**YOUR INSTRUCTIONS:**
The records that follow must all be duplicated exactly.
GIVEN DATA Block Start
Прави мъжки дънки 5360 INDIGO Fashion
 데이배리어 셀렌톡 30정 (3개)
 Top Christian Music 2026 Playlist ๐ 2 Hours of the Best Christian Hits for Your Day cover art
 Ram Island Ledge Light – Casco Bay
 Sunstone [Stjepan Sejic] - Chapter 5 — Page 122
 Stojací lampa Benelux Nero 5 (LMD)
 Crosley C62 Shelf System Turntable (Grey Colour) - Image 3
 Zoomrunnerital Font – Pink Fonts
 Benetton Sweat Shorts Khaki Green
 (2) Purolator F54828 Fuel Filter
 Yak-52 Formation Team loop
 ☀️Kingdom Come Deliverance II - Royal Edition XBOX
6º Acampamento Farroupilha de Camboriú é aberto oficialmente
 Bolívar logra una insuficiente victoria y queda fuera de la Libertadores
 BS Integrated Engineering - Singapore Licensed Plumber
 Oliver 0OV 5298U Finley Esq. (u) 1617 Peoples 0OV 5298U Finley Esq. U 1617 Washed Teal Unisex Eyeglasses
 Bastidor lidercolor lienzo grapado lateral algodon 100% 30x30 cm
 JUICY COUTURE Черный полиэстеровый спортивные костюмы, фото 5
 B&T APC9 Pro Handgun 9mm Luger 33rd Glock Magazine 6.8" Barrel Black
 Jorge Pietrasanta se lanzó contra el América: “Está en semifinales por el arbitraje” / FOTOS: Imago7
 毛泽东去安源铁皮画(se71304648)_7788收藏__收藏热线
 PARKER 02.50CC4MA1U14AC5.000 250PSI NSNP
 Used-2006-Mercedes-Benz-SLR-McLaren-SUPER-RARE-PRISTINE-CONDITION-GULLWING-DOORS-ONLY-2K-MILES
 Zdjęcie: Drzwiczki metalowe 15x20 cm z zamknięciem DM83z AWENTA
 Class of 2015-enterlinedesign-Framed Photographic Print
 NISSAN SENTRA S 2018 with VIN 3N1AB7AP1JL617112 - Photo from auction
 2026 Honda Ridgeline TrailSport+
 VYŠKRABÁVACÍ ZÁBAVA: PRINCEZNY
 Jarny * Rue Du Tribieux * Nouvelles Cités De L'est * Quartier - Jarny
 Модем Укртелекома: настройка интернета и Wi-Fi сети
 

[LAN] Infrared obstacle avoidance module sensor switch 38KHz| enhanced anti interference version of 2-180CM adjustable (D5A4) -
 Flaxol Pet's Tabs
GIVEN DATA Block End
**EXERCISE ANSWER:**
Прави мъжки дънки 5360 INDIGO Fashion
 데이배리어 셀렌톡 30정 (3개)
 Top Christian Music 2026 Playlist ๐ 2 Hours of the Best Christian Hits for Your Day cover art
 Ram Island Ledge Light – Casco Bay
 Sunstone [Stjepan Sejic] - Chapter 5 — Page 122
 Stojací lampa Benelux Nero 5 (LMD)
 Crosley C62 Shelf System Turntable (Grey Colour) - Image 3
 Zoomrunnerital Font – Pink Fonts
 Benetton Sweat Shorts Khaki Green
 (2) Purolator F54828 Fuel Filter
 Yak-52 Formation Team loop
 ☀️Kingdom Come Deliverance II - Royal Edition XBOX
6º Acampamento Farroupilha de Camboriú é aberto oficialmente
 Bolívar logra una insuficiente victoria y queda fuera de la Libertadores
 BS Integrated Engineering - Singapore Licensed Plumber
 Oliver 0OV 5298U Finley Esq. (u) 1617 Peoples 0OV 5298U Finley Esq. U 1617 Washed Teal Unisex Eyeglasses
 Bastidor lidercolor lienzo grapado lateral algodon 100% 30x30 cm
 JUICY COUTURE Черный полиэстеровый спортивные костюмы, фото 5
 B&T APC9 Pro Handgun 9mm Luger 33rd Glock Magazine 6.8" Barrel Black
 Jorge Pietrasanta se lanzó contra el América: “Está en semifinales por el arbitraje” / FOTOS: Imago7
 毛泽东去安源铁皮画(se71304648)_7788收藏__收藏热线
 PARKER 02.50CC4MA1U14AC5.000 250PSI NSNP
 Used-2006-Mercedes-Benz-SLR-McLaren-SUPER-RARE-PRISTINE-CONDITION-GULLWING-DOORS-ONLY-2K-MILES
 Zdjęcie: Drzwiczki metalowe 15x20 cm z zamknięciem DM83z AWENTA
 Class of 2015-enterlinedesign-Framed Photographic Print
 NISSAN SENTRA S 2018 with VIN 3N1AB7AP1JL617112 - Photo from auction
 2026 Honda Ridgeline TrailSport+
 VYŠKRABÁVACÍ ZÁBAVA: PRINCEZNY
 Jarny * Rue Du Tribieux * Nouvelles Cités De L'est * Quartier - Jarny
 Модем Укртелекома: настройка интернета и Wi-Fi сети
 

[LAN] Infrared obstacle avoidance module sensor switch 38KHz| enhanced anti interference version of 2-180CM adjustable (D5A4) -
 Flaxol Pet's Tabs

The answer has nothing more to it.